It is thought that Granada had offered between 250p and 300p a share, or up to £2bn in total, to buy Carlton in cash and stock. It is understood that the two sides came very close to agreeing a deal.
However, the recent surge in Carlton's share price, including a 14 per cent jump to 228p on Tuesday, forced the issue. A statement had to be put out yesterday and they just could not nail the deal in time. Instead, the two companies simply owned up to unsuccessful "discussions regarding a possible combination of businesses".
Insiders said the deal was not in the interests of "shareholder value", an expression that usually means that they could not agree on price.
Certainly Carlton is trading at a historically cheap level and would have argued that this is simply a function of the current cyclical downturn in trading, which has savaged its share price.
Kingsley Wilson, an analyst at Investec Henderson Crosthwaite, said: "The starting gun has been fired. The finishing line is two years down the line, in a single ITV. We don't yet know who is in the race apart from Carlton and Granada."
Carlton and Granada are desperate to merge, a combination that would account for around 90 per cent of ITV. The advertising slump has decimated revenues and their joint ventures, the heavily loss-making ITV Digital and ITV Sport, have bled them dry. Having two companies providing a single channel is widely seen as illogical. A merger would save around £50m a year in costs.
As the friendly option did not work out, Granada may now be tempted to go hostile. The fact that the Carlton-Granada talks have been smoked out will not go unnoticed over at Bertelsmann, which has made no secret of wanting to get bigger in Britain through its RTL broadcasting business. Carlton and Granada's failed merger attempt will only damage further management credibility at the companies and reinforce the view that the two sets of executives cannot get on.
Paul Richards, an analyst at Numis, said: "This has played into the hands of Bertelsmann. With Granada walking away, now is the time for them to come in [with a bid for Carlton]."
Others suggest that Granada is now the more vulnerable group, with Bertelsmann likely to see juicy synergies with its Fremantle production arm.
While the idea that Carlton and Granada would merge one day surprises no one, the fact that the negotiations were already taking place startled the City yesterday. Clearly Granada wanted to move before the Carlton share price recovers.
But a change in the law that would make the deal possible, through the Communications Act, is at least a year off. So a creative solution was required.

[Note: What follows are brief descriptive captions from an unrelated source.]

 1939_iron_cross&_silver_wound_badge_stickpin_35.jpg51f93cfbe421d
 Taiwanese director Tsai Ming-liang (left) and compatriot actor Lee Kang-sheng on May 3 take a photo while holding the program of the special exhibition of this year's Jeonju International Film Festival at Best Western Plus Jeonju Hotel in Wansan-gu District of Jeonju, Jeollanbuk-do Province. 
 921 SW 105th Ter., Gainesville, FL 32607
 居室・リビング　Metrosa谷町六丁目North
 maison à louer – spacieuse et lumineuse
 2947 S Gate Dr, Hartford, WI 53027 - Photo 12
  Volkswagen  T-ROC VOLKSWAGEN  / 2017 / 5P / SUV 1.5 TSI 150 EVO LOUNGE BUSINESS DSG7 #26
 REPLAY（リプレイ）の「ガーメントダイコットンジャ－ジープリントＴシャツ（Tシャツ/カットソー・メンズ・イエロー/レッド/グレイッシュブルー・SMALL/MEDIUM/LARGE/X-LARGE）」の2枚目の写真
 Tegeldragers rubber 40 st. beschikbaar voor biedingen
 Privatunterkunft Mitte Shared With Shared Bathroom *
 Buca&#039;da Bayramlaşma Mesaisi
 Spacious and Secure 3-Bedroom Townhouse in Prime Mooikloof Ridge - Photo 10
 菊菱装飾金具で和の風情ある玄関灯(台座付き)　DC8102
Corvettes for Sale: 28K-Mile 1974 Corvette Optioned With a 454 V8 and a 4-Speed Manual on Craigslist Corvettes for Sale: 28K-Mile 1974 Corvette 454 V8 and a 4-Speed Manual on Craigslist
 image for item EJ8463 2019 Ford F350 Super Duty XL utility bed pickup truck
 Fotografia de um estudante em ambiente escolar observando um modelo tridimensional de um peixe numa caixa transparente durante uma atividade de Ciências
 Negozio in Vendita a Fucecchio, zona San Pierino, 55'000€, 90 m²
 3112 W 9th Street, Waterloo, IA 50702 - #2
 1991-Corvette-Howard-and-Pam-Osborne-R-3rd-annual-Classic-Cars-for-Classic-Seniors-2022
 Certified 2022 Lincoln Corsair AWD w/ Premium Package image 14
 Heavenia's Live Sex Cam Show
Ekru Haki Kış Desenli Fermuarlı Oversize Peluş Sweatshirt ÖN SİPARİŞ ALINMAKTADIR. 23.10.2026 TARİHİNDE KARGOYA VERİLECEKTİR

Currently, no single commercial broadcaster is allowed to have more than 15 per cent of the total TV audience or to own both the London ITV licences. A Carlton-Granada combination fails on both counts but the Government has signalled that it will do away with these rules in new legislation.
The bigger question hanging over the proposed merger is how the companies thought they would get it past competition regulators. The sticking point is the combination's share of TV advertising, which is more than 50 per cent. The competition authorities usually have a close look at anything which gives more than 25 per cent market share. It was generally thought that if Granada and Carlton wait the deal could become acceptable to the Competition Commission: their share of advertising is being eaten away by rivals anyway, so, in a couple of years, it might be down to, say, 45 per cent.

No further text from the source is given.